Generate two random numbers with constraints
This assumes uniform distribution. See answer by @JimBaldwin for discussion on limitations (implicit assumptions) of my answer.
Answer
region = ImplicitRegion[0.5 < q < 1. && 0.5 < p < 0.5/q, {p, q}];
RandomPoint[region]
(* {0.793318, 0.550934} *)
Visual
Show[
RegionPlot[region]
, ListPlot[RandomPoint[region, 1000], PlotStyle -> Red]
]
Documentation
We are using ImplicitRegion
And RandomPoint
The question does not state an essential piece of information which is the joint distribution of $p$ and $q$. All of the previous answers (so far) jump to a solution without making the joint distribution explicit (at least prior to what one sees in the code and the resulting figures).
The answers using regions assume that $p$ and $q$ have uniform distributions, $U(0.5,1)$, but they are restricted to the region $0.5 \le p \le 1$, $0.5 \le q \le 1$, and ${1\over{2q}}>p$.
The other answer given is that $p\sim U(0.5,1)$ and $q|p\sim U(0.5,{1\over{2p}}))$.
There is no reason why one couldn't have $p\sim 0.5+0.5\,\mathrm{Beta}(\alpha,\beta)$ with $q|p\sim U(0.5,{1\over{2p}})$. A random sample from a linear function of a beta random variable is also a legitimate random sample.
The question most likely is about restricting two independent random variables from uniform distributions to a region, but that should be made explicit.
Addition: Doing it the hard way
Using regions and RandomPoint
is the way to go as @rhermans describes (especially if the region of interest is not simple).
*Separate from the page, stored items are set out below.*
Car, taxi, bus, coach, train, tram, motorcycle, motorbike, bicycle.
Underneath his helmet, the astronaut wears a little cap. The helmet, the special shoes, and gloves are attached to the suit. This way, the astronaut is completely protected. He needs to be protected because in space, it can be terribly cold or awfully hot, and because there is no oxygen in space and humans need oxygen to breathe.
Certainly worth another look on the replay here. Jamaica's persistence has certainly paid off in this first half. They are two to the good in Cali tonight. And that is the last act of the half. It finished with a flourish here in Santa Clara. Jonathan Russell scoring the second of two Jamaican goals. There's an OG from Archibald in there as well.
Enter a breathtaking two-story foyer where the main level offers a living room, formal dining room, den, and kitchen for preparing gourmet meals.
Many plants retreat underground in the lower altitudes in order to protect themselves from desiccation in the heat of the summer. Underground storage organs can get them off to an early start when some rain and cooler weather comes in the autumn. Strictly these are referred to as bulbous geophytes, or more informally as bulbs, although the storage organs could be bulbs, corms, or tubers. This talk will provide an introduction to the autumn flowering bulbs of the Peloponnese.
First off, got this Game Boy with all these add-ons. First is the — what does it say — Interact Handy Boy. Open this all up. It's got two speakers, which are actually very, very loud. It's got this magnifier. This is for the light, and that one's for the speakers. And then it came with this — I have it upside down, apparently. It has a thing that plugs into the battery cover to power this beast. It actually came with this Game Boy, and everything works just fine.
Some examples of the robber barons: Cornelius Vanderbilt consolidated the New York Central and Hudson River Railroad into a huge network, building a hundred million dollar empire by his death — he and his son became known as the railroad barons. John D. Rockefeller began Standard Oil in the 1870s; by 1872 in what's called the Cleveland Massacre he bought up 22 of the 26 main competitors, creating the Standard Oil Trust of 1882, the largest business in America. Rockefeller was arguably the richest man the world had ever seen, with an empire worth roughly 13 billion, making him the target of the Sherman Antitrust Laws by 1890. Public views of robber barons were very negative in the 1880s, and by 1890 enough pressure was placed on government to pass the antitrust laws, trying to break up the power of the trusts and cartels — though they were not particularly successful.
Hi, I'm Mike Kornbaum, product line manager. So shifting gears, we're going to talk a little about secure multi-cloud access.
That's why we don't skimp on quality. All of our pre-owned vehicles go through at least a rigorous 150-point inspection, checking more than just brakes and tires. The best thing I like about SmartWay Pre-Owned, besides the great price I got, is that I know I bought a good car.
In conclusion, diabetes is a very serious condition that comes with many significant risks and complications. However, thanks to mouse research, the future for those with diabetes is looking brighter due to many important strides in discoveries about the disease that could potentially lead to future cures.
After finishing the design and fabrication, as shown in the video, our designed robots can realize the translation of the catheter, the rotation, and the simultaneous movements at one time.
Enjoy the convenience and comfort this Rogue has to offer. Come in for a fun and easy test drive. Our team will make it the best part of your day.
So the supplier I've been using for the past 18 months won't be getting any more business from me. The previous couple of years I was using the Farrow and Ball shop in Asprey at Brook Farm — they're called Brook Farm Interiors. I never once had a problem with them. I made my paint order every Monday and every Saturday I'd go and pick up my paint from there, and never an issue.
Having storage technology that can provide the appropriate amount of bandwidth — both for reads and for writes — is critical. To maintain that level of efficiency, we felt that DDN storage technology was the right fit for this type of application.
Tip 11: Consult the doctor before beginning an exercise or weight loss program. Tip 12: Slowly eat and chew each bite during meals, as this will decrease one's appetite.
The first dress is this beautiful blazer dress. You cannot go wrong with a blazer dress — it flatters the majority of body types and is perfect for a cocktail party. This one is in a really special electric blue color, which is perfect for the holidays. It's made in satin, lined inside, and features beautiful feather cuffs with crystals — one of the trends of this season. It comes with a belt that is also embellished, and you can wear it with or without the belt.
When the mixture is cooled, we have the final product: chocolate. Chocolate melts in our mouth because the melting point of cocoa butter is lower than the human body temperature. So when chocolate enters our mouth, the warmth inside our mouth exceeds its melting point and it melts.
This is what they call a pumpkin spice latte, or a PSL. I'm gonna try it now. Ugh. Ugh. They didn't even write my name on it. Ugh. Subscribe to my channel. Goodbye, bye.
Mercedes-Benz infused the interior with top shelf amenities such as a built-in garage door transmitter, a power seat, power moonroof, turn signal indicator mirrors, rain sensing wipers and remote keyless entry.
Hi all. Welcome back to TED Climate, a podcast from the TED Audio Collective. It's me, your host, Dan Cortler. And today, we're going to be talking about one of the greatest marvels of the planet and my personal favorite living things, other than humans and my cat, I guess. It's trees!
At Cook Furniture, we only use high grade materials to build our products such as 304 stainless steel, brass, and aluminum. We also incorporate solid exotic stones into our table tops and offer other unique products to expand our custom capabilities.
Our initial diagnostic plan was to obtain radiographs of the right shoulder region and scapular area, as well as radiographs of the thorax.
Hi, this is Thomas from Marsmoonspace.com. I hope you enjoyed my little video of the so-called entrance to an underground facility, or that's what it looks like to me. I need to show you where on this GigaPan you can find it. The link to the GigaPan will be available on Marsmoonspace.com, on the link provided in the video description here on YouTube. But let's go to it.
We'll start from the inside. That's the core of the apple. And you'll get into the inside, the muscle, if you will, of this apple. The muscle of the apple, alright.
But if you want to go about it in a brute force way, here is an option.
First we assume that without the additional restrictions that $p$ and $q$ are independently distributed on $U(0.5,1)$. The joint probability density function in the square of interest is
f[p_, q_] := 4
Now determine the joint probability density when $0.5\le p<1/(2q)\le 1$:
c = Integrate[f[p, q], {q, 1/2, 1}, {p, 1/2, 1/(2 q)}];
g[p_, q_] := f[p, q]/c
(* 4/(-1 + Log[4]) *)
Find the marginal probability density function for $p$:
gp[p_] := FullSimplify[Integrate[g[p, q], {q, 1/2, 1/(2 p)}]]
(* 2(1-p)/(p*(-1+Log[4])) *)
Now find the conditional distribution of $q$ given $p$ (which is just a uniform distribution on $0.5$ to $1/(2p)$):
gqGivenp[q_, p_] := g[p, q]/gp[p]
(* 2p/(1-p) *)
Define a ProbabilityDistribution
for $p$:
dp = ProbabilityDistribution[gp[p], {p, 1/2, 1}];
Finally, generate a set of bivariate random samples:
n = 5000; (* Number of samples *)
rp = RandomVariate[dp, n];
rq = 0.5 + RandomReal[1, n]*(1/(2 rp) - 0.5);
Plotting the results we have
ListPlot[Transpose[{rp, rq}], PlotRange -> {{0.5, 1}, {0.5, 1}}, AspectRatio -> 1]
This approach might also be successful when the original joint probability function is a bit more complex.
Perhaps more a comment: note differences:
r = RandomReal[{0.5, 1}, {10000, 2}];
Show[ListPlot[Sort@GatherBy[r, Times @@ # < 0.5 &],
PlotStyle -> {{Red}, Blue}],
Plot[1/(2 x), {x, 0.5, 1}, PlotStyle -> Green], Frame -> True]
compared with:
ListPlot[{#, RandomReal[{0.5, 1/(2 #)}]} & /@
RandomReal[{0.5, 1}, 10000], PlotStyle -> Red, Frame -> True]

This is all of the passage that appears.